=== The problem ===
An exact copy is all that is wanted: the lines from the one with "Message Board" through the end of the listing below, both included, minus any pictures.

..............................

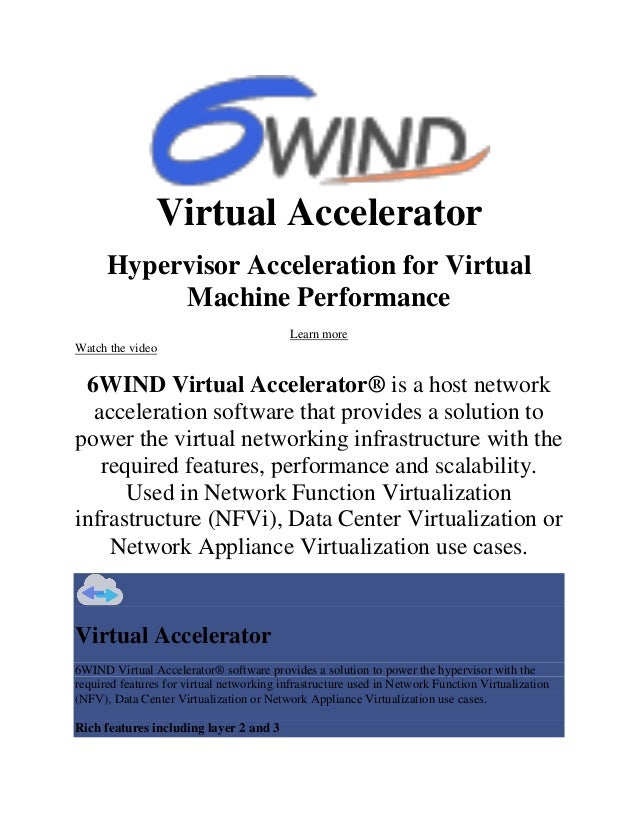 Virtual Accelerator
Hypervisor Acceleration for Virtual
Machine Performance
Learn more
Watch the video
6WIND Virtual Accelerator® is a host network
acceleration software that provides a solution to
power the virtual networking infrastructure with the
required features, performance and scalability.
Used in Network Function Virtualization
infrastructure (NFVi), Data Center Virtualization or
Network Appliance Virtualization use cases.
Virtual Accelerator
6WIND Virtual Accelerator® software provides a solution to power the hypervisor with the
required features for virtual networking infrastructure used in Network Function Virtualization
(NFV), Data Center Virtualization or Network Appliance Virtualization use cases.
Rich features including layer 2 and 3
 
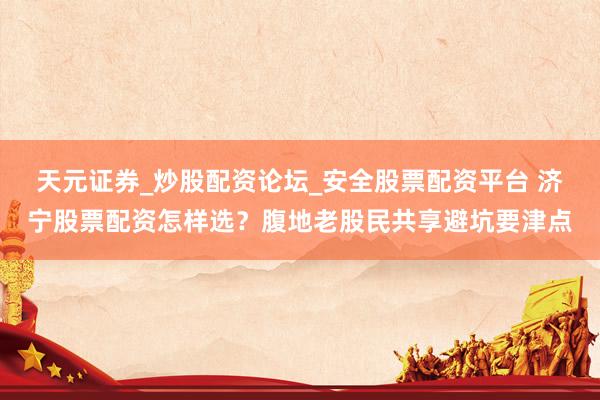 天元证券_炒股配资论坛_安全股票配资平台 济宁股票配资怎样选？腹地老股民共享避坑要津点
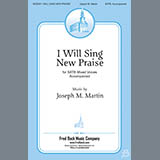 Joseph Martin 'I Will Sing New Praise'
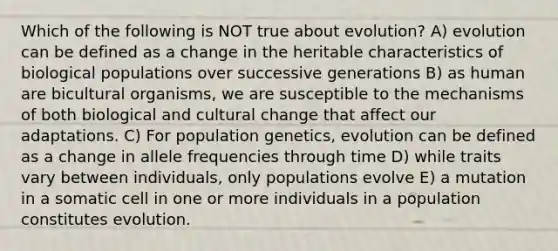 Which of the following is NOT true about evolution? A) evolution can be defined as a change in the heritable characteristics of biological populations over successive generations B) as human are bicultural organisms, we are susceptible to the mechanisms of both biological and cultural change that affect our adaptations. C) For population genetics, evolution can be defined as a change in allele frequencies through time D) while traits vary between individuals, only populations evolve E) a mutation in a somatic cell in one or more individuals in a population constitutes evolution.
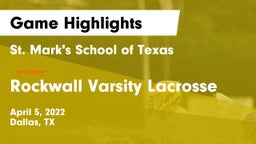 St. Mark's School of Texas vs Rockwall Varsity Lacrosse Game Highlights - April 5, 2022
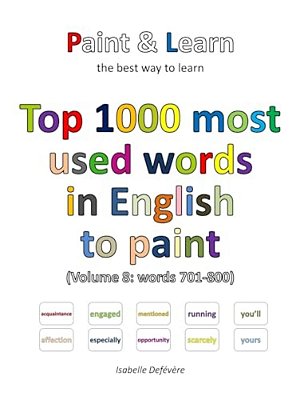 Top 1000 Most Used Words In English To Paint (Volume 8: Words 701-800)-..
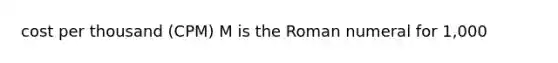 cost per thousand (CPM) M is the Roman numeral for 1,000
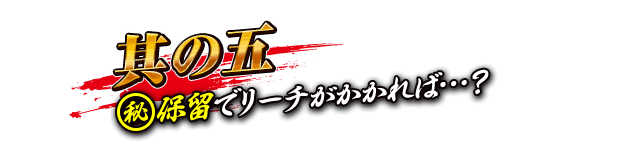 【其の五】(秘)保留でリーチがかかれば…？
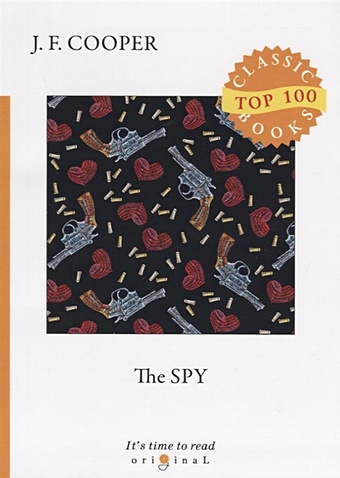Cooper J. The Spy = Шпион: на англ.яз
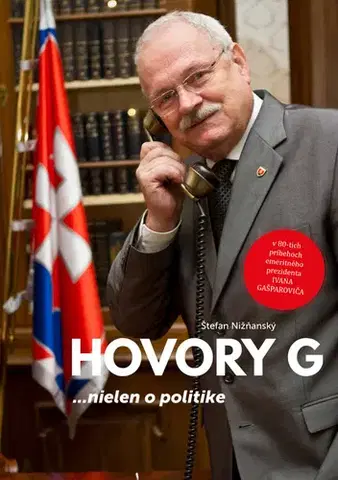 Politika Hovory G ...nielen o politike - Štefan Nižňanský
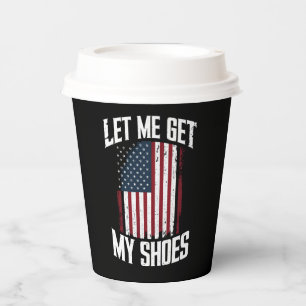 Let Me Get My Shoes Politics President Saying Paper Cups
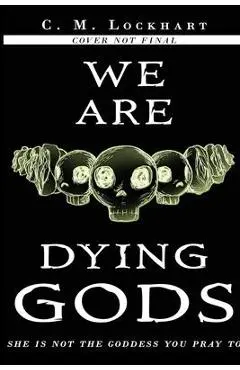 We Are Dying Gods - C. M. Lockhart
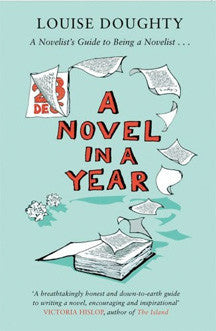 A Novel in a Year by Louise Doughty
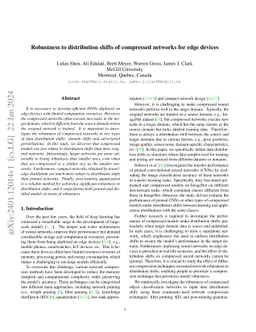 Robustness to distribution shifts of compressed networks for edge
  devices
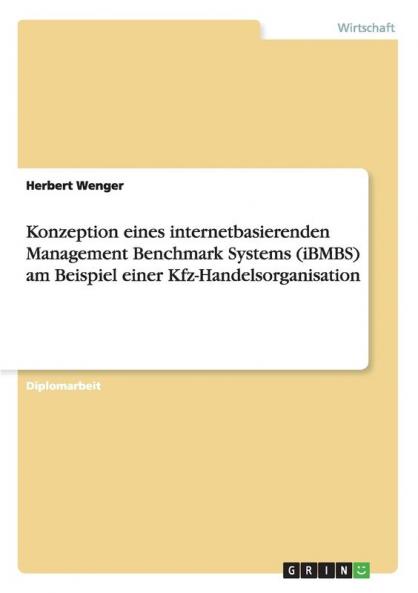 Konzeption eines internetbasierenden Management Benchmark Systems (iBMBS) am Beispiel einer Kfz-Handelsorganisation
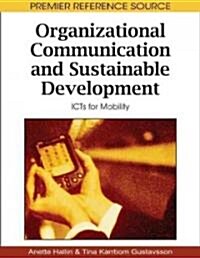 Organizational Communication and Sustainable Development: ICTs for Mobility (Hardcover)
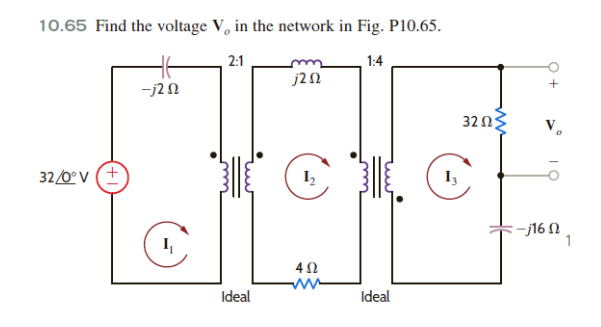 10.65 Find the voltage V, in the network in Fig. P10.65.
2:1
1:4
j20
JEG
13
452
www
Ideal
32/0° V (+
-j202
Ideal
32025
+
: -j16 Ω
1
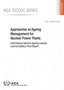 Approaches to ageing management for nuclear power plants : International Generic Ageing Lessons Learned (IGALL) final report : 1736 by International Atomic Energy Agency - Paperback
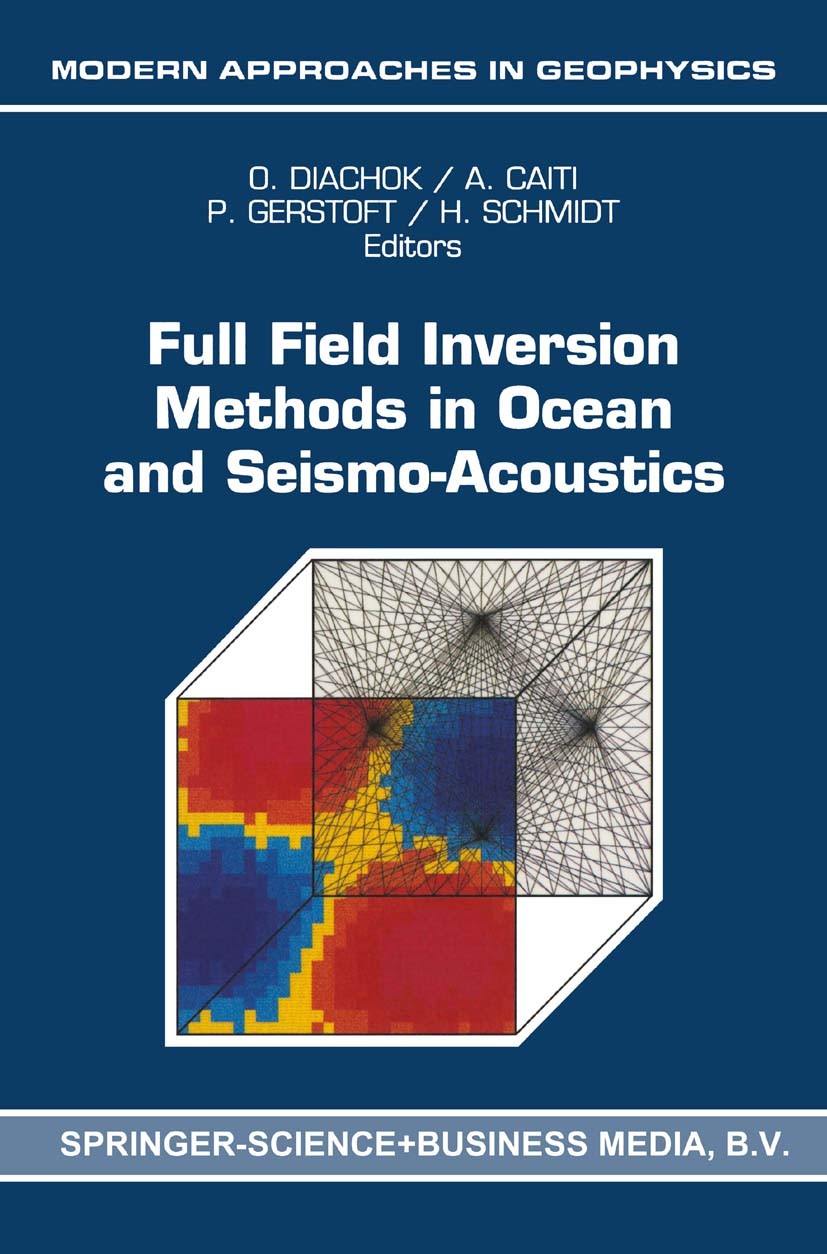 Titlebook: Full Field Inversion Methods in Ocean and Seismo-Acoustics; O. Diachok,A. Caiti,H. Schmidt Book 1995 Springer Science+Business Media Dordr Titlebook: Full Field Inversion Methods in Ocean and Seismo-Acoustics; O. Diachok,A. Caiti,H. Schmidt Book 1995 Springer Science+Business Media Dordr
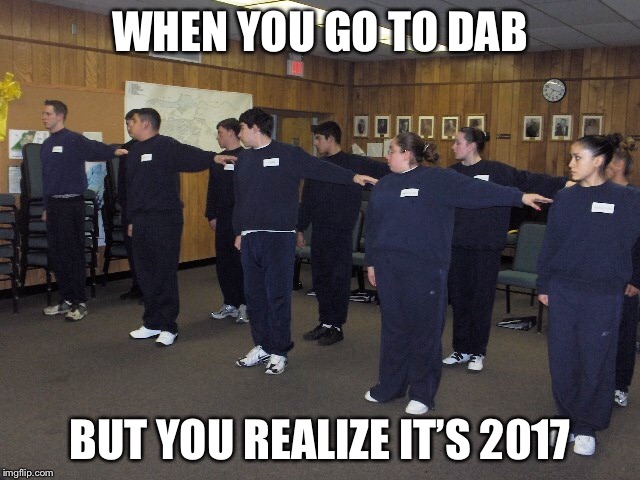 Dress right dress | WHEN YOU GO TO DAB; BUT YOU REALIZE IT’S 2017 | image tagged in funny | made w/ Imgflip meme maker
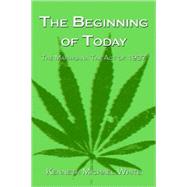 The Beginning Of Today: The Marihuana Tax Act Of 1937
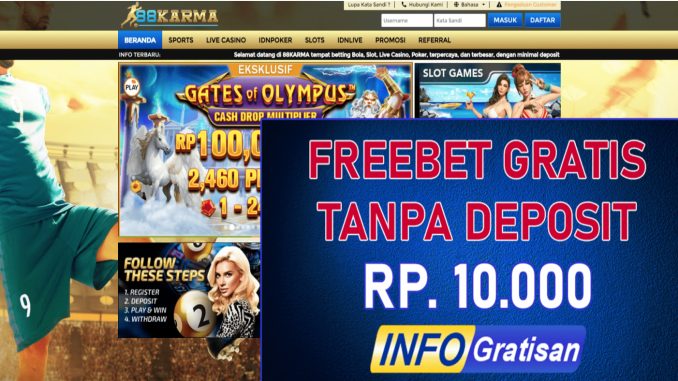 88KARMA : Freebet Gratis Tanpa Deposit Terbaru Rp 10.000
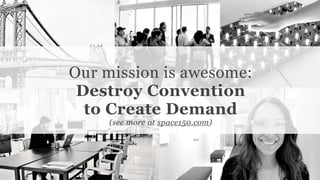 Conﬁdential and Proprietary space150 ©2013
Our mission is awesome:
Destroy Convention
to Create Demand
(see more at space150.com)
 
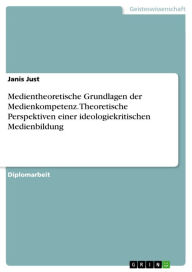 Title: Medientheoretische Grundlagen der Medienkompetenz. Theoretische Perspektiven einer ideologiekritischen Medienbildung: Theoretische Perspektiven einer ideologiekritischen Medienbildung, Author: Janis Just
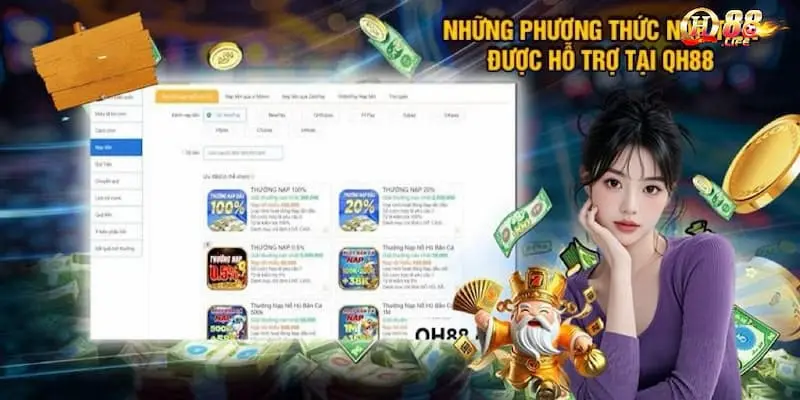Nạp Tiền QH88 – Hướng Dẫn Thao Tác Nạp An Toàn Nhanh Chóng 2 cac-phuong-thuc-nap-tien-sieu-tien-loi-co-mat-tai-nha-cai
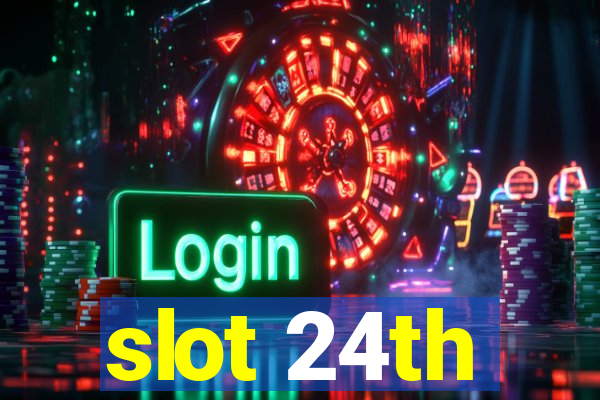 slot 24th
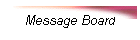 Message Board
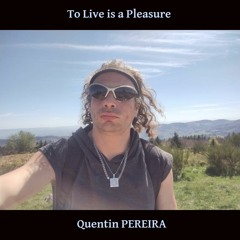 To Live Is A Pleasure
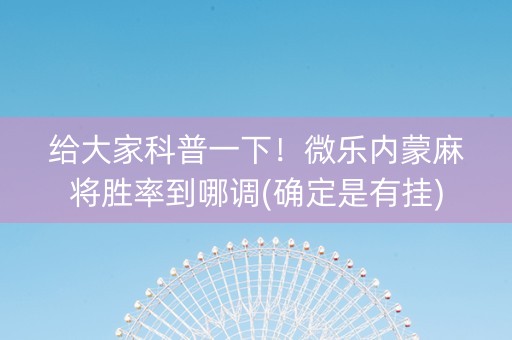 给大家科普一下！微乐内蒙麻将胜率到哪调(确定是有挂)
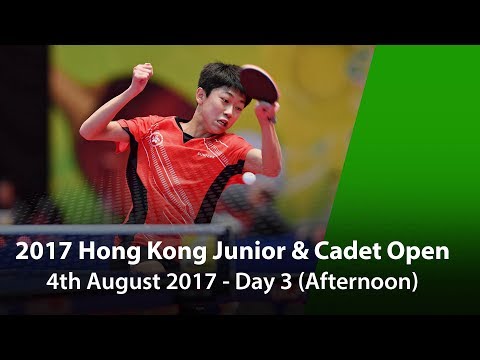 2017 ITTF Hang Seng Hong Kong Junior & Cadet Open - Day 3 (Afternoon)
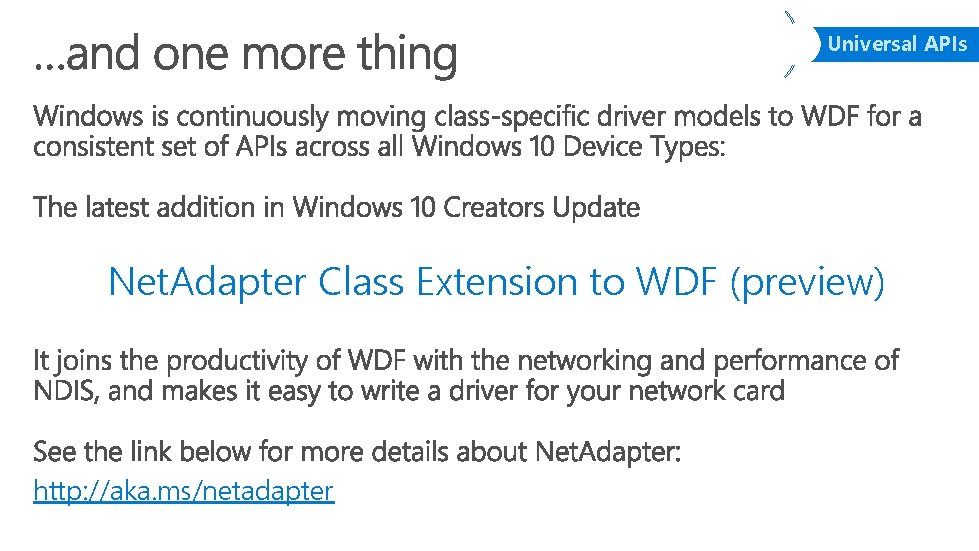 Universal APIs Net. Adapter Class Extension to WDF (preview) http: //aka. ms/netadapter 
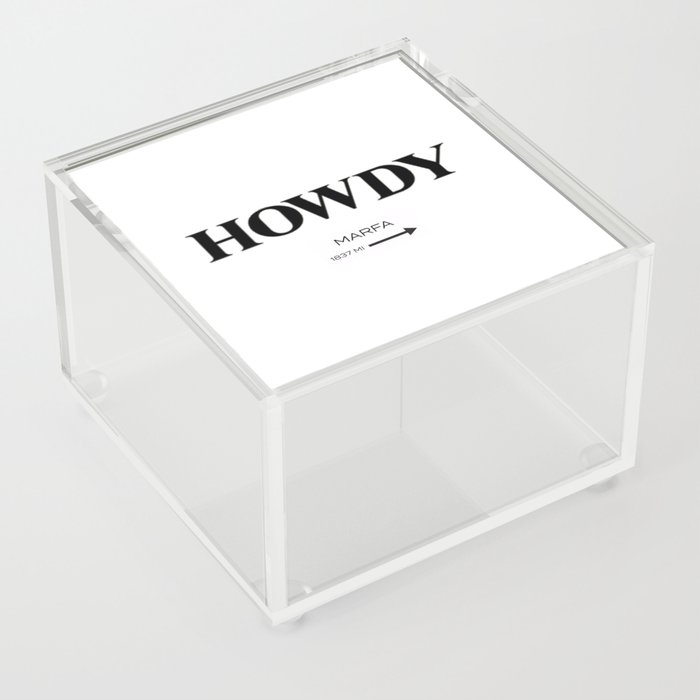 Howdy Howdy Acrylic Box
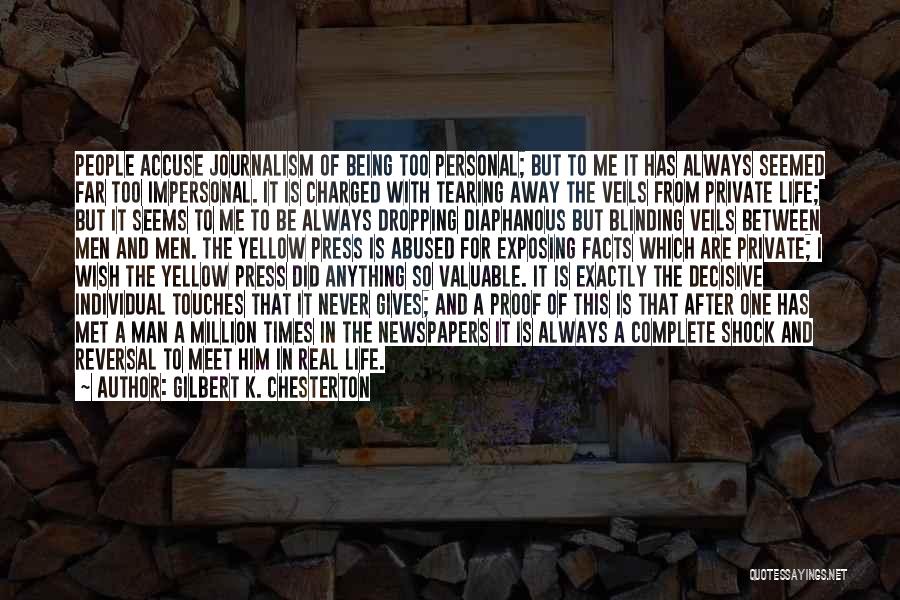 Impersonal Life Quotes By Gilbert K. Chesterton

..............................

=== Reply to the exercise ===
 Message Board
 To Live Is A Pleasure
 给大家科普一下！微乐内蒙麻将胜率到哪调(确定是有挂)
 2017 ITTF Hang Seng Hong Kong Junior & Cadet Open - Day 3 (Afternoon)
 Universal APIs Net. Adapter Class Extension to WDF (preview) http: //aka. ms/netadapter 
 Howdy Howdy Acrylic Box
 Impersonal Life Quotes By Gilbert K. Chesterton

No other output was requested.